Question

How might one craft a good explanation of why the following code is not correct, in that the author is attempting to write C++ code declaratively rather than procedurally?

const double NEWTONS_PER_POUND = 4.448;

int main()
{
   double pounds, newtons;
   pounds = newtons/NEWTONS_PER_POUND; /* pounds equals 'unassigned variable'/4.448 */
   newtons = 10.0;
   cout << pounds << endl;             /* a big number, not 10.0/4.448 */
   return 0;
}

The author expected cout to display a proper calculation, but instead gets a "crazy number."

I would explain this as "C++ is procedural, and therefore at the time of the declaration

pounds = newtons/NEWTONS_PER_POUND;

newtons has not been assigned a value.

Any better suggestions? Or an explanation why C++ isn't "smart" enough to carry out the behavior the user mistakenly expected?

Was it helpful?

Solution

Tell the author that

pounds = newtons/NEWTONS_PER_POUND;

commands the CPU to

  • take the value at the address referred to as "newtons"
  • take the value at the address referred to as "NEWTONS_PER_POUND"
  • divide them
  • store the result at the address referred to as "pounds"

what he is looking for is most probably a function in imperative terms:

double newtons_to_pounds(double newtons) {
  return newtons/NEWTONS_PER_POUND;
}

...

newtons = 10.0;
cout << newtons_to_pounds(newtons) << endl;    /* a big number, not 10.0/4.448 */
return 0;

OTHER TIPS

C++ is an imperative programming language not an equation solver.

C++ executes statements in the order that you write them. C++ does not initialize variables unless it is told to. C++ allows you to use a variable whose value has not been initialized, but when you do this the result is unspecified. Unspecified means than anything can happen, including bad things like producing "crazy numbers".

Here's the detailed explanation:

double pounds, newtons;
pounds = newtons/NEWTONS_PER_POUND;
newtons = 10.0;

The first statement declares two variables without initializing them. At this point, their values are unspecified.

The second statement reads the value of newtons (which could be anything) and divides it by NEWTONS_PER_POUND. The result (which could be anything) is assigned to pounds.

The third statement initializes newtons, but it is too late to affect the calculation we just performed.

Well that shouldn’t be too hard to explain, regardless of the students’ background: just thell them that C++ evaluates programs one step at a time, statement after statement (notwithstanding compiler artifacts such as reordering …).

There’s absolutely nothing special to C++’ way of handling this, nor is it even limited to computer programming – rather, it’s an everyday way of dealing with an ordered list of instructions.

It's not lazy evaluating newtons

As such the calculation is performed at the time of declaration, not at the time of request.

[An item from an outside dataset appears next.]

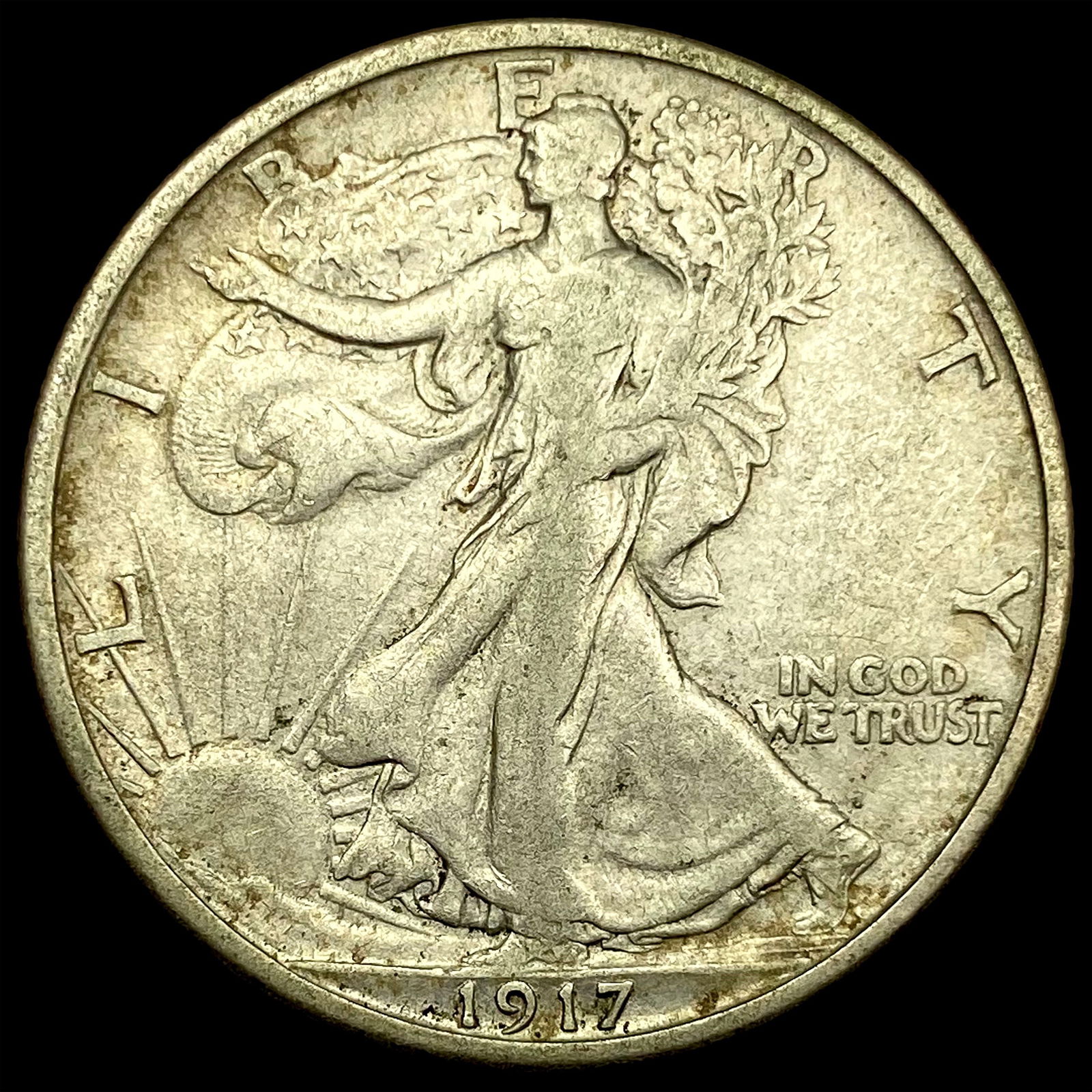 1917-S Walking Liberty Half Dollar NEARLY  UNCIRCULATED (1 of 2)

He's after functional code, not what C++ will do.

If the person is not overly technical you could try:

"The statements in this C++ program are like the steps required to make a cake. You must perform the steps one by one and they must be to be performed in a certain order for it to be a success."

Explain that pounds is assigned a value on the line with the assignment operator:

pounds = newtons/NEWTONS_PER_POUND;

If this were not the case, but that pounds was evaluated when it was used (as with the cout statement), then if the value of newtons changed, then the value of pounds would change as well. Since pounds is not any type of pointer, but is a simple integer, this is not possible.

What about stepping through the code in a debugger?

IME there's nothing like this to understand the execution of a program written in a procedural language (i.e., modeled on how the CPU actually executes code).

You are trying to get the listener to undergo a paradigm shift - to change his/her entire approach to comprehending this code.

"pounds" is just a number. It's got no concept of how its created. You tell "pounds" how it's created, it won't remember. It will just remember what it is, not how it is created.

It may seem a bit strange to anthropomorphise a block of memory. :-)

Take a slightly more complex example where a variable like newtons is reused and assigned values more than once. For instance:

double pounds, newtons;

newtons = 10.0;
pounds = newtons/NEWTONS_PER_POUND;
cout << pounds << endl;

newtons = 15.0;
pounds = newtons/NEWTONS_PER_POUND;
cout << pounds << endl;

return 0;

Show him both the code and the output. Then ask him to explain how and why the program produces a different number for each line. I'd think that should help push him in the direction of viewing the program as a procedure that runs from top to bottom.